Keep every word of the listing and drop the images when you write it out.

============

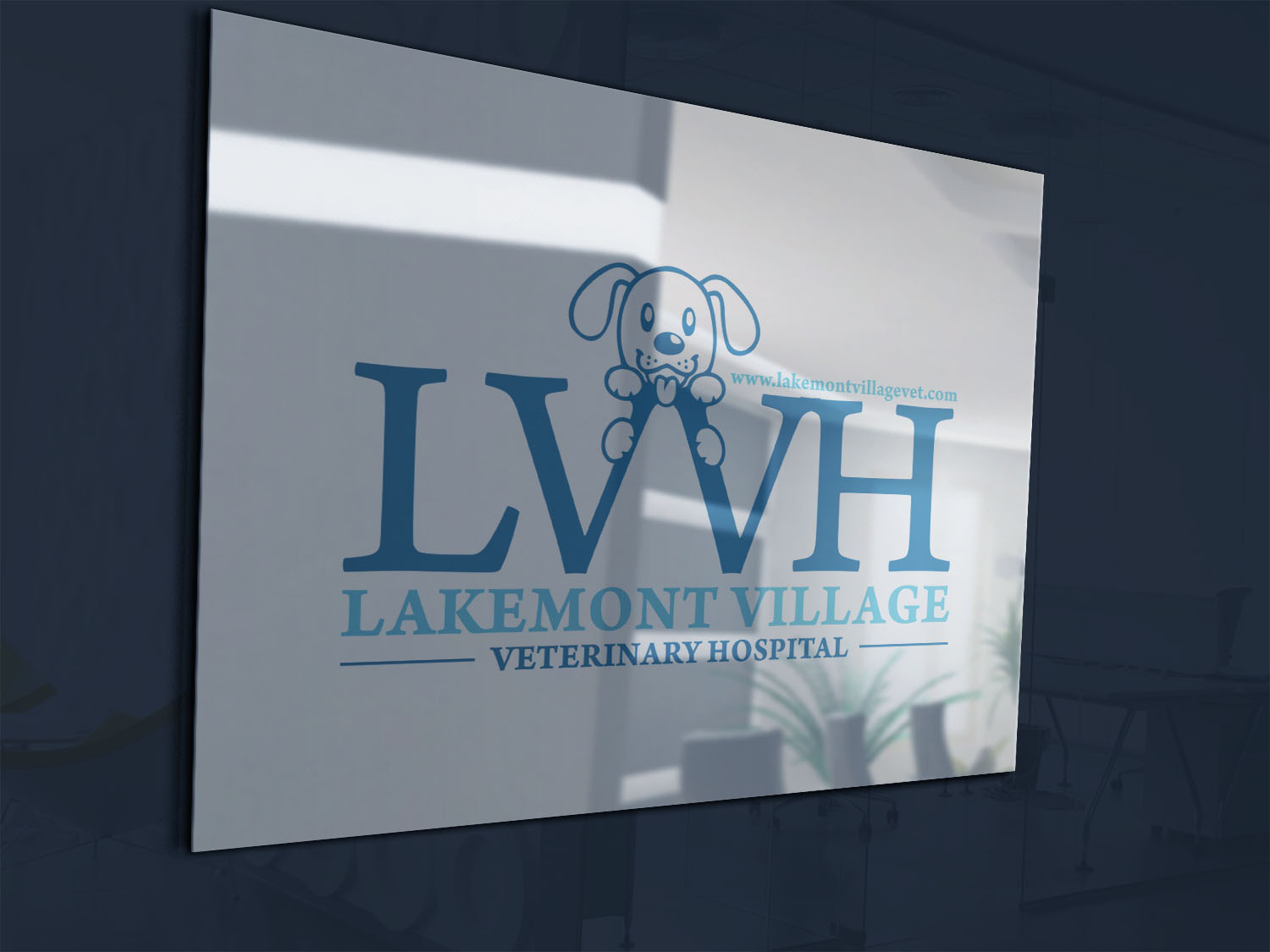 Logo Design by Khalik for Lakemont Village Veterinary Hospital | Design #12961066
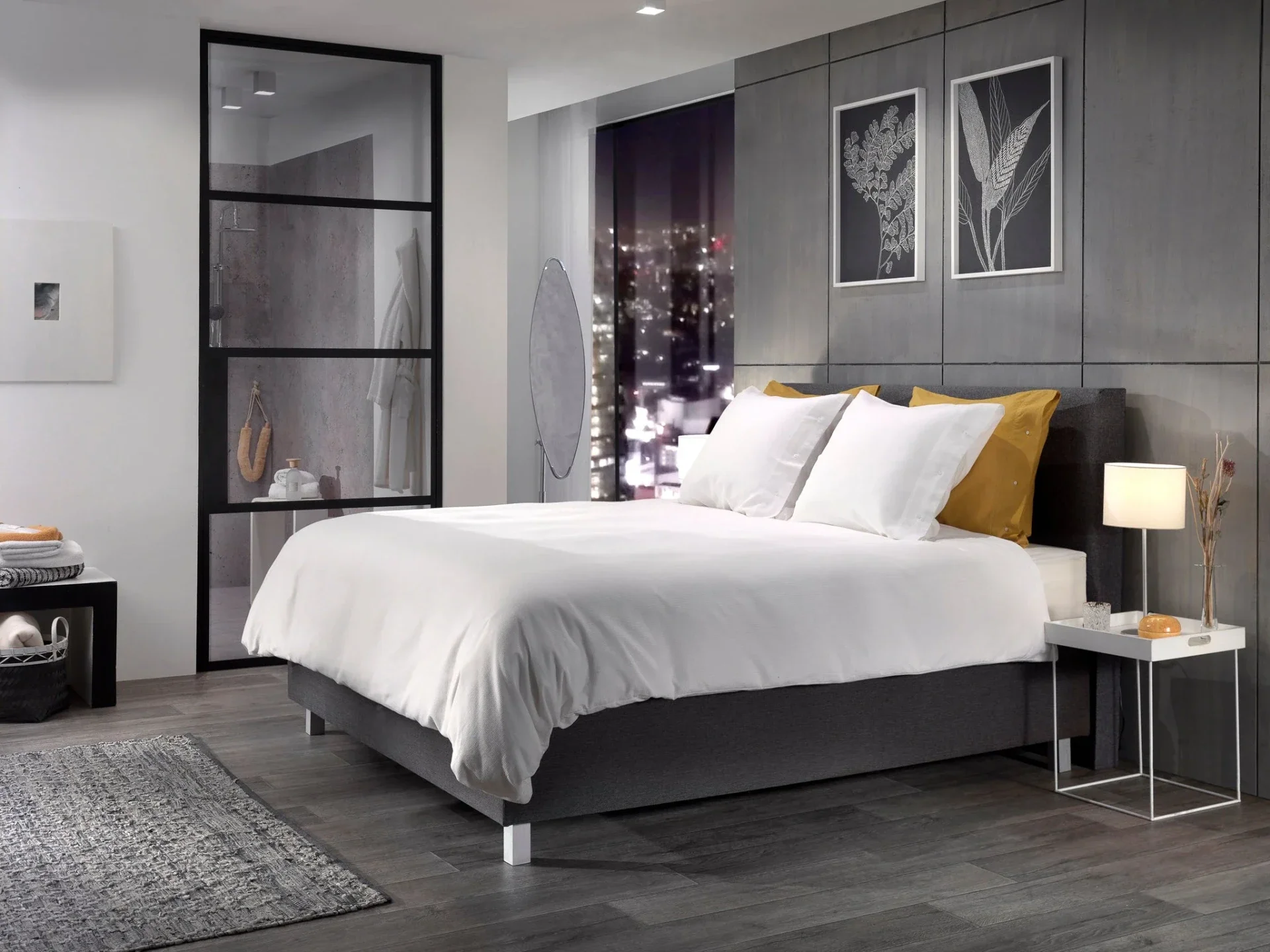 Yellow Dekbedovertrek Cialda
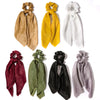 Hair Tie Cloth Threedimensional Satin Large Ribbon High Elasticity Seiko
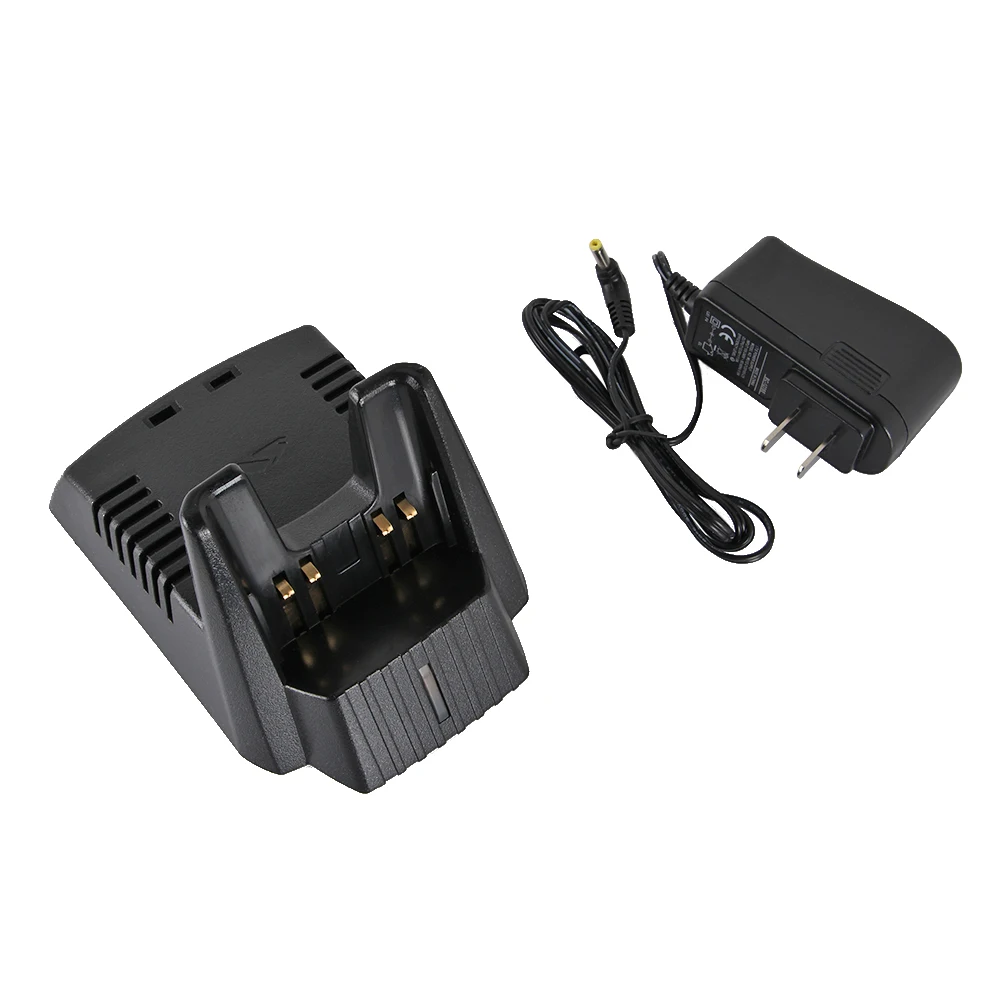 Battery Charger VAC-10 for vertex VX-160 VX-168 VX-418 Li-ion battery fast charger for battery FNB-V67LI CD-30
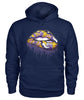 Image of Minnesota Vikings - Vikings lips T-shirt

============

## EXERCISE OUTPUT:
 Logo Design by Khalik for Lakemont Village Veterinary Hospital | Design #12961066
 Yellow Dekbedovertrek Cialda
 Hair Tie Cloth Threedimensional Satin Large Ribbon High Elasticity Seiko
 Battery Charger VAC-10 for vertex VX-160 VX-168 VX-418 Li-ion battery fast charger for battery FNB-V67LI CD-30
 Image of Minnesota Vikings - Vikings lips T-shirt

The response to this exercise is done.